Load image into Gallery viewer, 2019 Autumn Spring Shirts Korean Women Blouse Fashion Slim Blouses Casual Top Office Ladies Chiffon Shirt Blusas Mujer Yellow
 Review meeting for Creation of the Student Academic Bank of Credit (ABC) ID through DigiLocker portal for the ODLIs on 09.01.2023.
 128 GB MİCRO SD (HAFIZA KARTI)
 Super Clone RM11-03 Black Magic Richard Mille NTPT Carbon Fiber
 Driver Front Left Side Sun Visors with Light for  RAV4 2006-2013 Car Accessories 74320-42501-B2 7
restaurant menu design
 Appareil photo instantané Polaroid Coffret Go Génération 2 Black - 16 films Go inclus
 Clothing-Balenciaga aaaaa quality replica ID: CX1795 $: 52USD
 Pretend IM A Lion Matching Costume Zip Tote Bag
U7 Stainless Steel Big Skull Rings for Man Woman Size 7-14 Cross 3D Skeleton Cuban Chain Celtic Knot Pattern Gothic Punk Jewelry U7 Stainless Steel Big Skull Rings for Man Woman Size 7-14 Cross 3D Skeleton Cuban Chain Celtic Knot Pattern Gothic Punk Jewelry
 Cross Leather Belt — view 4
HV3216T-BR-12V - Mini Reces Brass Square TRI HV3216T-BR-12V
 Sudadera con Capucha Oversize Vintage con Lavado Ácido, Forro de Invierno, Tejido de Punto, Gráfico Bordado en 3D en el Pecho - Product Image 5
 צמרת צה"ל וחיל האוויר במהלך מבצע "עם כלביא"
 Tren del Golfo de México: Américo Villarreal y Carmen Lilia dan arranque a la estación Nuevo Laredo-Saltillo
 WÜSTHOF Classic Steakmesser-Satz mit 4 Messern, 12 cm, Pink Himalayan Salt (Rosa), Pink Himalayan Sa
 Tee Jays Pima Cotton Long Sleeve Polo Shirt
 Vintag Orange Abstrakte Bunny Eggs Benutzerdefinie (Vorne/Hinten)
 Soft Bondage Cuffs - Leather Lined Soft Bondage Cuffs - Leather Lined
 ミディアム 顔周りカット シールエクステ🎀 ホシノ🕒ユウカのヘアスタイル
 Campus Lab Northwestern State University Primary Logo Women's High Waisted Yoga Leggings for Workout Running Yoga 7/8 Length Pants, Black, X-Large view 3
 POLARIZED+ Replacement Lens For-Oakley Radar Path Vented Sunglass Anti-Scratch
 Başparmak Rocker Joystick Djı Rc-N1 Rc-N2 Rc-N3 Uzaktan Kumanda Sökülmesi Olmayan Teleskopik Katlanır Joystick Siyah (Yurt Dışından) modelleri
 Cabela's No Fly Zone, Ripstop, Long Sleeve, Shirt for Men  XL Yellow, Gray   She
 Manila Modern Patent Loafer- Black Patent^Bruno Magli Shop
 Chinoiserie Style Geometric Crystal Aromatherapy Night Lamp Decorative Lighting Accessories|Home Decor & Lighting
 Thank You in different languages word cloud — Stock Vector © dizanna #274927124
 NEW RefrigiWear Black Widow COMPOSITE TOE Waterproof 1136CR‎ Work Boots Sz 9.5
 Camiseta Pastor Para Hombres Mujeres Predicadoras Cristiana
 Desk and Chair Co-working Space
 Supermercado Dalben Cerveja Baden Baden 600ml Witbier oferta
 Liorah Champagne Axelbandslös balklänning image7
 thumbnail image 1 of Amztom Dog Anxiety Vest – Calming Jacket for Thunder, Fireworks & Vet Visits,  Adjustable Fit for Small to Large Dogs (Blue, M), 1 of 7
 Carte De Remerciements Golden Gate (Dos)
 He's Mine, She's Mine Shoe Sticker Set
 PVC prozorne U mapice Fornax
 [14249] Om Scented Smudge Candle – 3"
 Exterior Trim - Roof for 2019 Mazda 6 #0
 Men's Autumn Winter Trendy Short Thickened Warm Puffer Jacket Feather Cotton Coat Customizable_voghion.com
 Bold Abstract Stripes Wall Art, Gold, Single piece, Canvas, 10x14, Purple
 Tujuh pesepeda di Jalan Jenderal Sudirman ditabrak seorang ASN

- - - -

> **ACTION ITEM**
All that is wanted is an exact copy of the lines above from the one with "וחיל האוויר במהלך" through the one with "Vintag Orange Abstrakte", with both ends included.

> **RESPONSE BOX**
 צמרת צה"ל וחיל האוויר במהלך מבצע "עם כלביא"
 Tren del Golfo de México: Américo Villarreal y Carmen Lilia dan arranque a la estación Nuevo Laredo-Saltillo
 WÜSTHOF Classic Steakmesser-Satz mit 4 Messern, 12 cm, Pink Himalayan Salt (Rosa), Pink Himalayan Sa
 Tee Jays Pima Cotton Long Sleeve Polo Shirt
 Vintag Orange Abstrakte Bunny Eggs Benutzerdefinie (Vorne/Hinten)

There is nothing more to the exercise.